October 16, 2006

CLI Magic: Use cURL to measure Web site statistics

Author: Michael Stutz

cURL is a handy command-line network tool whose name stands for "client for URLs," but think of it as a "copy for URLs" -- it can copy to or from a given URL in any of nine different protocols.

Although cURL is sometimes misconceived as an updated wget, that's wrong. The two utilities do share some features and options, but are distinctly different tools; wget is for downloading files from the Web, and is best used to mirror entire sites or parts of sites -- which is something that cURL alone can't do.

cURL's job is to copy data to or from a given set of URLs; along with HTTP it recognizes the FTP, TFTP, GOPHER, TELNET, DICT, LDAP, FILE, HTTPS, and FTPS protocols. Other features include support for proxies, forms, cookies, SSL, client-side certificates, URL globbing, and very large files. Along with the curl command-line tool is a counterpart library, libcurl, that you can use to get cURL's functionality from within your own programs.

You can do a lot of neat tricks with curl. Here's a look at how you can copy to and from URLs, and then use cURL's reporting facilities to get simple Web server metrics from your operations.

Copy URLs

The curl tool supports the GNU-style --version option, which shows not only the version but also the protocols recognized, as well as any extra features that are compiled in. If you get stuck, --help gives a summary of options, while --manual gives an ASCII rendition of the entire man page plus a usage guide, in 40-odd pages. (Pipe these to less!) Also useful is the standard "verbose" option, -v, which tells you what the program is doing, step by step.

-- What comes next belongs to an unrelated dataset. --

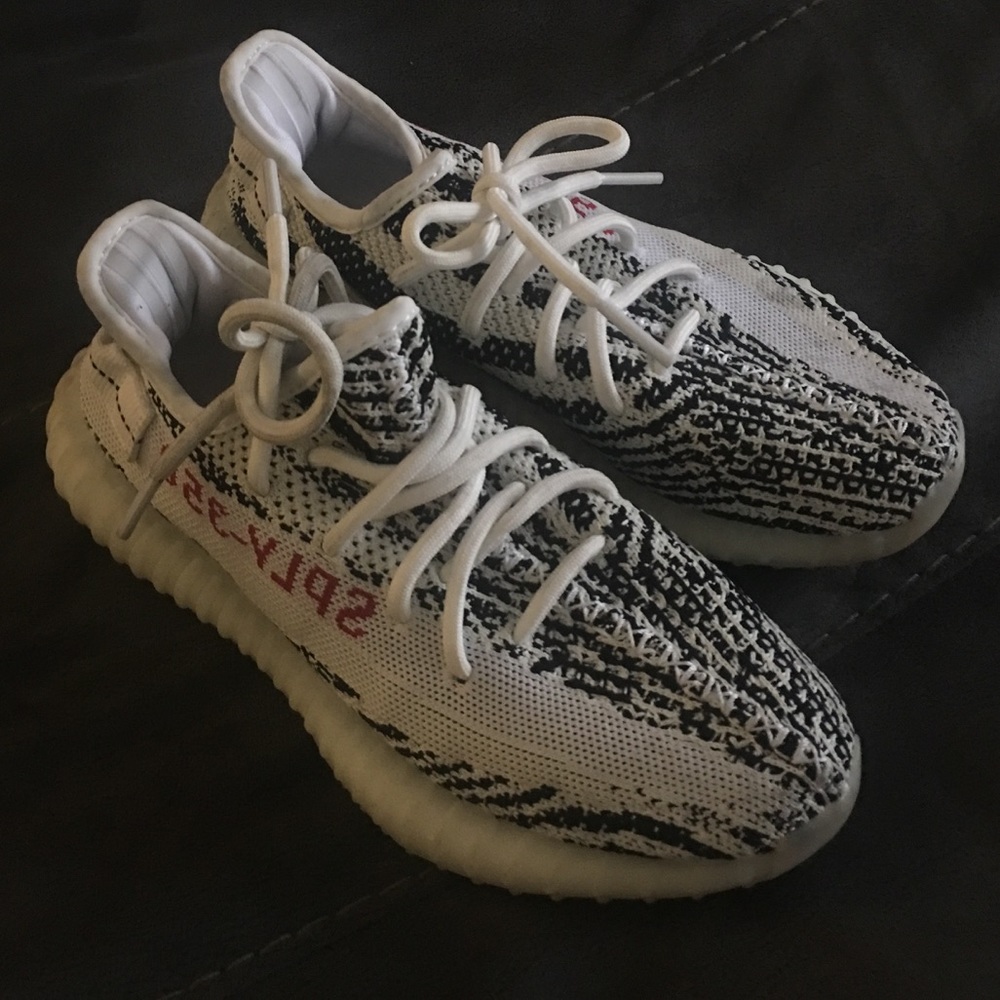 Adidas yeezy boost 350 v2 zebra women's size 6.5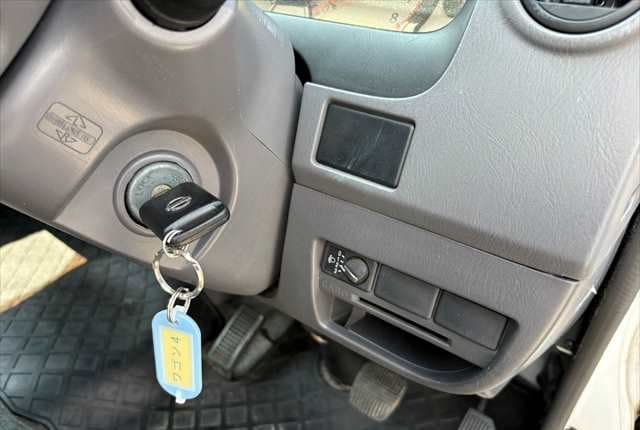 2007 Nissan Caravan JDM car for sale — photo 14 of 25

When you give curl a URL, its contents are retrieved and sent to standard output. To save the URL's output to a local file with the same name as the remote file, give the -O option; to specify a different name, use the -o option instead and give the name to use as an argument.

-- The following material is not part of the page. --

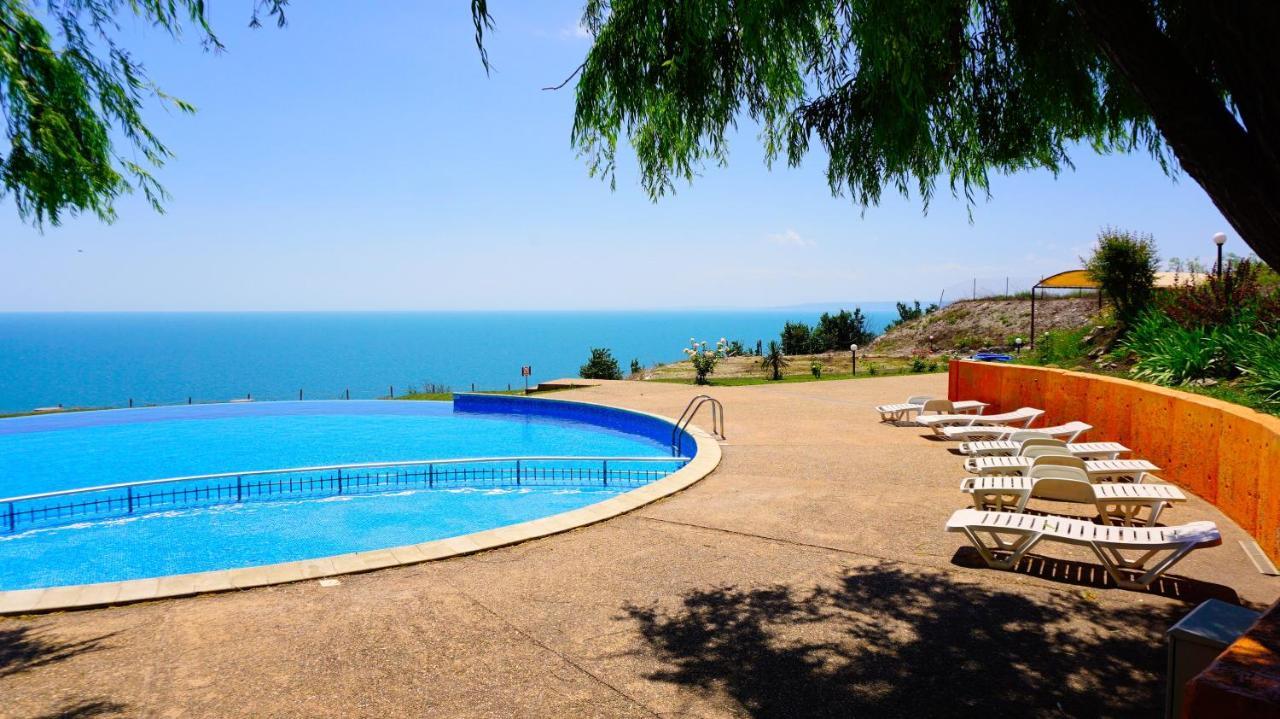 Морски Апартаменти Джулай Морнинг - July Morning Sea View Apartments Kavarna Exterior photo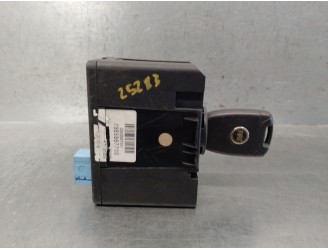 Replacement ignition switch for Fiat Croma (194_) 2.4 D Multijet OEM IAM reference 7353987700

One of cURL's most useful features is a kind of URL "glob" support, which lets you specify a pattern as part of the URL to match multiple URLs. You can give a character range in brackets, such as [A-Z] or [0-9], and you can also give a list of alternatives in braces, such as {about,blog,news}. The only trick is that if you're saving to files with the -O option, you have to give that option as many times as files you match. For example, suppose you want to grab all three versions of a manual. You'd need a command like:

$ curl -O -O -O http://example.com/docs/manual.{html,pdf,tar.gz}

For HTTP requests, you can specify HTTP 1.1 byte ranges instead of entire files -- if the server has byte ranges enabled, this option returns only the specified bytes instead of the whole file. 0 represents the beginning of the file. For example, to grab the first 100 bytes:

$ curl -r 0-99 http://example.com/

Ranges don't have to begin with zero. To get bytes 100 through 200:

$ curl -r 100-200 http://example.com/

Negative values alone work from the end of the document. To grab the last eight bytes:

$ curl -r -8 http://example.com/

The -i option precedes a given URL by the server headers. Alternately, -I outputs only the headers, which is useful for seeing the OS and Web server software that a specified site is running. It also shows the date and time of the request, content length, and type of the given URL. When the -I option is used on a FILE or FTP URL, you'll get the file size and modification time.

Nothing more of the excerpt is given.